■ EXERCISE ■
Only the text belongs in the copy. Transcribe the data exactly and drop any pictures.

■ GIVEN INFORMATION ■
== Segment start ==
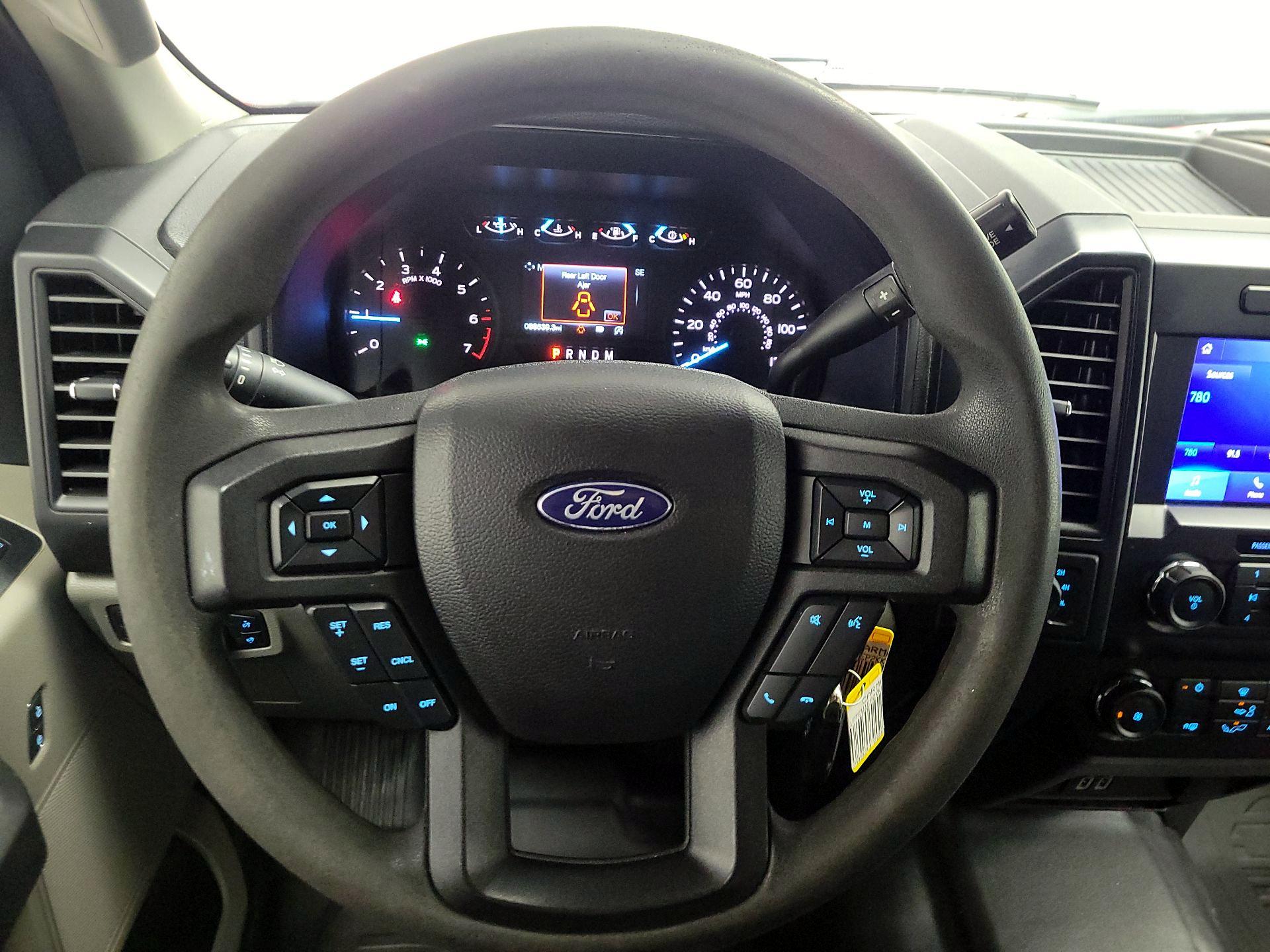 Thumbnail: 2019 Ford F-150 - 10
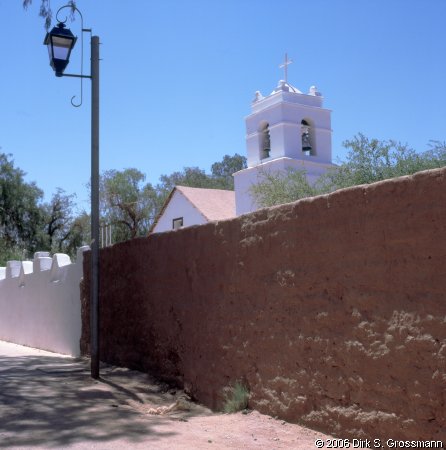 San Pedro de Atacama (Click for next image)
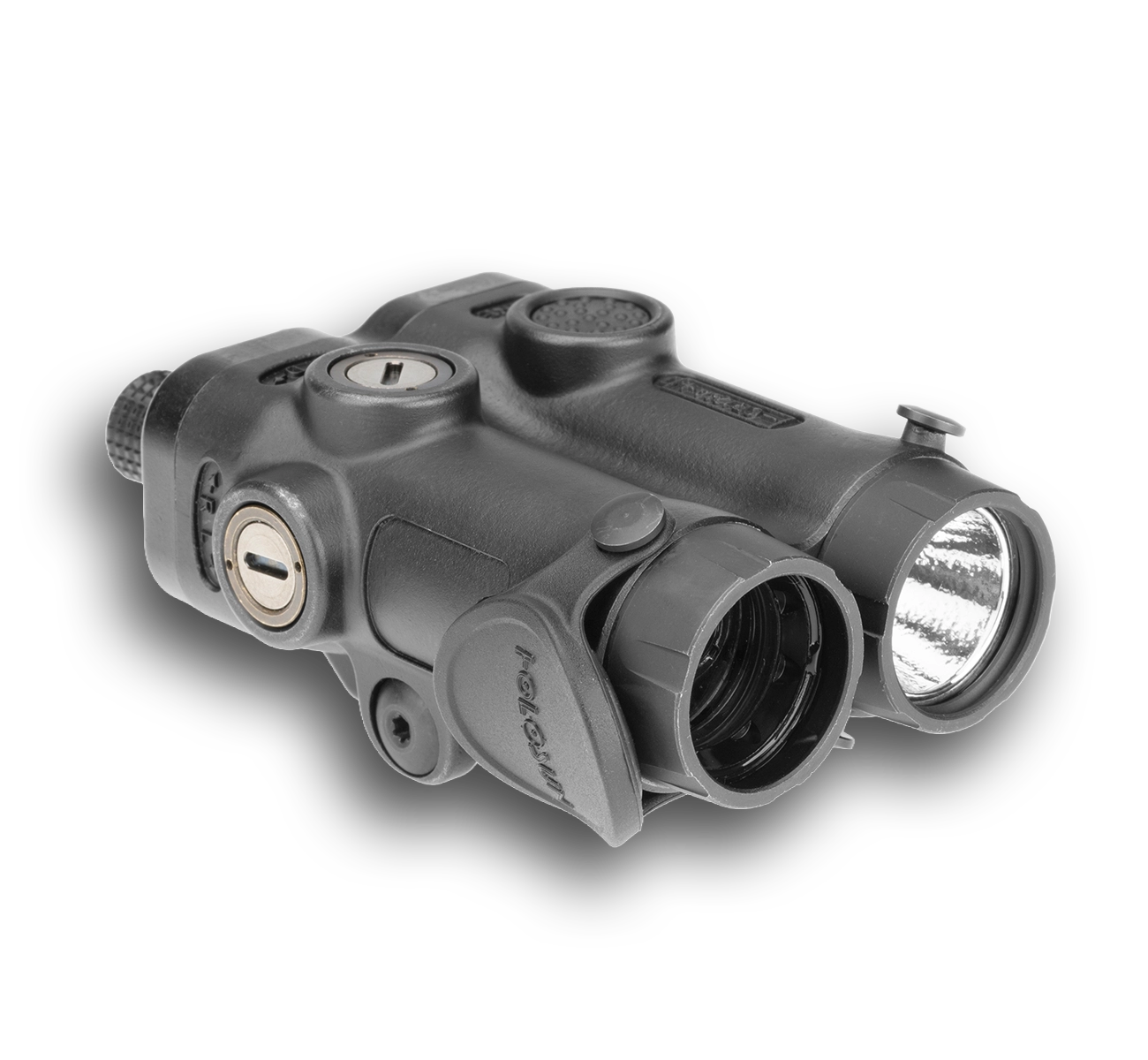 Holosun LE321-RD Red + IR Laser & IR Illuminator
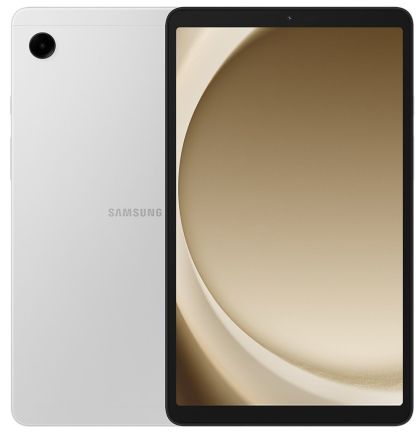 Таблет Samsung SM-X115B Galaxy Tab A9 8.7" 5G 4GB 64GB Silver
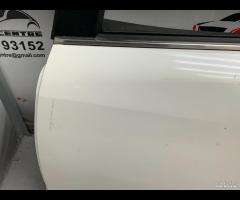 PORTA PORTIERA POSTERIORE SINISTRA SX MAZDA 6 III - 6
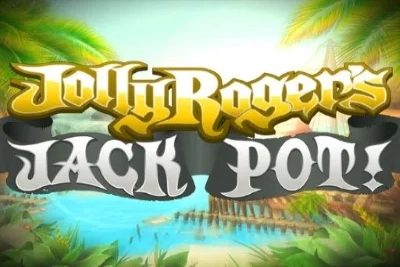 Jolly Roger's Jackpot pokie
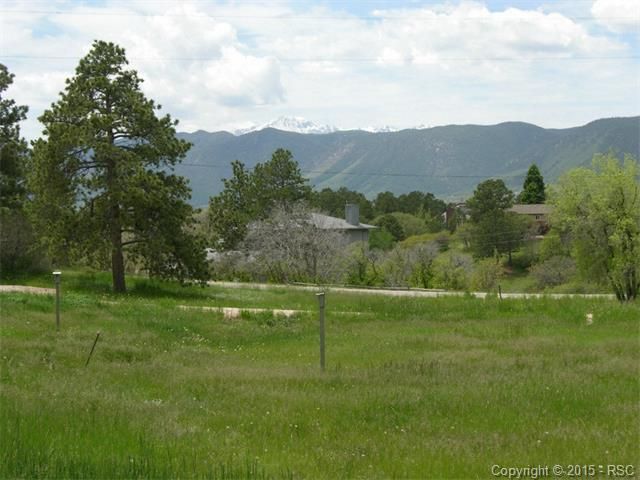 19295 Wakonda Way, Monument, CO 80132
== Segment end ==
■ SOLUTION TO THIS EXERCISE ■
 Thumbnail: 2019 Ford F-150 - 10
 San Pedro de Atacama (Click for next image)
 Holosun LE321-RD Red + IR Laser & IR Illuminator
 Таблет Samsung SM-X115B Galaxy Tab A9 8.7" 5G 4GB 64GB Silver
 PORTA PORTIERA POSTERIORE SINISTRA SX MAZDA 6 III - 6
 Jolly Roger's Jackpot pokie
 19295 Wakonda Way, Monument, CO 80132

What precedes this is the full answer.